%%

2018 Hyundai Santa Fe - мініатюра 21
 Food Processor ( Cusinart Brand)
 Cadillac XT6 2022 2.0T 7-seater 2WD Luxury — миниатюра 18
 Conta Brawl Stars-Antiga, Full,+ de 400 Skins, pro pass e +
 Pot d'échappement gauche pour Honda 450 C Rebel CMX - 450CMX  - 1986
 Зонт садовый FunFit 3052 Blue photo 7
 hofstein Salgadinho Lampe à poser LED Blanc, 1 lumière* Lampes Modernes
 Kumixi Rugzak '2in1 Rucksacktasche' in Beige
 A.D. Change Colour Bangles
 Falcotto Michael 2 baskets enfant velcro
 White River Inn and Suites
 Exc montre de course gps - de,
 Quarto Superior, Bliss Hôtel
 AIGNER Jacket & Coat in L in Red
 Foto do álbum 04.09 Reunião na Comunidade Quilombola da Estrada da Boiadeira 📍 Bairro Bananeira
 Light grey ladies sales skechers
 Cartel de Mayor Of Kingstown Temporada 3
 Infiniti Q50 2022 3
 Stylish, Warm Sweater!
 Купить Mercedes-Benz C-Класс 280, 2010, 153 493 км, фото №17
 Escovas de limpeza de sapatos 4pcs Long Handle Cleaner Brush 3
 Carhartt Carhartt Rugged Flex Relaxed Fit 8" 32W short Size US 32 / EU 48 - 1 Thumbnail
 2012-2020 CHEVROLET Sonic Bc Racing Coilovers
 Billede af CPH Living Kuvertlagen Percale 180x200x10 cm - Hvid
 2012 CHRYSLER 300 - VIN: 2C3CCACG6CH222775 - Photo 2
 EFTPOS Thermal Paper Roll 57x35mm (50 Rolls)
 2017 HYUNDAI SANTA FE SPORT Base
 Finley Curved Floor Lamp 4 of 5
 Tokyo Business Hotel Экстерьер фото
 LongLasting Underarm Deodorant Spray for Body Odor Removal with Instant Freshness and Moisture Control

%%

THE PROBLEM. From the first line of the listing above to the line with "Quarto Superior, Bliss Hôtel", please transcribe each line exactly, both ends included, and nothing beyond that.

ANSWER SECTION.
2018 Hyundai Santa Fe - мініатюра 21
 Food Processor ( Cusinart Brand)
 Cadillac XT6 2022 2.0T 7-seater 2WD Luxury — миниатюра 18
 Conta Brawl Stars-Antiga, Full,+ de 400 Skins, pro pass e +
 Pot d'échappement gauche pour Honda 450 C Rebel CMX - 450CMX  - 1986
 Зонт садовый FunFit 3052 Blue photo 7
 hofstein Salgadinho Lampe à poser LED Blanc, 1 lumière* Lampes Modernes
 Kumixi Rugzak '2in1 Rucksacktasche' in Beige
 A.D. Change Colour Bangles
 Falcotto Michael 2 baskets enfant velcro
 White River Inn and Suites
 Exc montre de course gps - de,
 Quarto Superior, Bliss Hôtel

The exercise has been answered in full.